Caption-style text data
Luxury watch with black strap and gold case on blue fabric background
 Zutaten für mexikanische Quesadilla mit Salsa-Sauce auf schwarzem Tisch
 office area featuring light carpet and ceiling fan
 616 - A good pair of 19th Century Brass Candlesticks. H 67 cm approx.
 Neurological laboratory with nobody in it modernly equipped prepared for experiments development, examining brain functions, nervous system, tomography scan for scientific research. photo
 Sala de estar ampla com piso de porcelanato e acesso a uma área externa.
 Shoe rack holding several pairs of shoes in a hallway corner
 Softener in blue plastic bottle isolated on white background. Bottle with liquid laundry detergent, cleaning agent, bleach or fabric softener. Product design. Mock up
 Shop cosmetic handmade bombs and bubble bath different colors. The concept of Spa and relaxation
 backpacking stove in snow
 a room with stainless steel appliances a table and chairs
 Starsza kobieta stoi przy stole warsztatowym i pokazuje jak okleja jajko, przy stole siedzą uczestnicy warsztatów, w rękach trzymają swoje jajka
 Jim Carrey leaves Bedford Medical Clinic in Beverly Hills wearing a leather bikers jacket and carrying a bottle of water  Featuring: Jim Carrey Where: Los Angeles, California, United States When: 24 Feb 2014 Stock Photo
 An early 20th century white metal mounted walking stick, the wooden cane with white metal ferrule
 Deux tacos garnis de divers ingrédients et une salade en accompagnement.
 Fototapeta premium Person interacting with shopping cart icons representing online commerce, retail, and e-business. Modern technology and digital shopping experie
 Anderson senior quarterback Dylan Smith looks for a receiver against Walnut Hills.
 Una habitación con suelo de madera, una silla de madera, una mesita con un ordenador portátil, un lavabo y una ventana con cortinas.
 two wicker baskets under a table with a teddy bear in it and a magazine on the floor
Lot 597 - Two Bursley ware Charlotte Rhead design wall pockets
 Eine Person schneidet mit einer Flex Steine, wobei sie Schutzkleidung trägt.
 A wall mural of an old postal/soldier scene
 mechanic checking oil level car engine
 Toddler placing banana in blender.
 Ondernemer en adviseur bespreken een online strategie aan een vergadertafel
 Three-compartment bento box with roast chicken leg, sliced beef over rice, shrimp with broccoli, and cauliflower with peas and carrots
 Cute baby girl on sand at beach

WHAT YOU SHOULD DO
Could you set down, word for word, only the lines above from the line with "Fototapeta premium Person" to the line with "Una habitación con", including both?

RESPONSE BOX
 Fototapeta premium Person interacting with shopping cart icons representing online commerce, retail, and e-business. Modern technology and digital shopping experie
 Anderson senior quarterback Dylan Smith looks for a receiver against Walnut Hills.
 Una habitación con suelo de madera, una silla de madera, una mesita con un ordenador portátil, un lavabo y una ventana con cortinas.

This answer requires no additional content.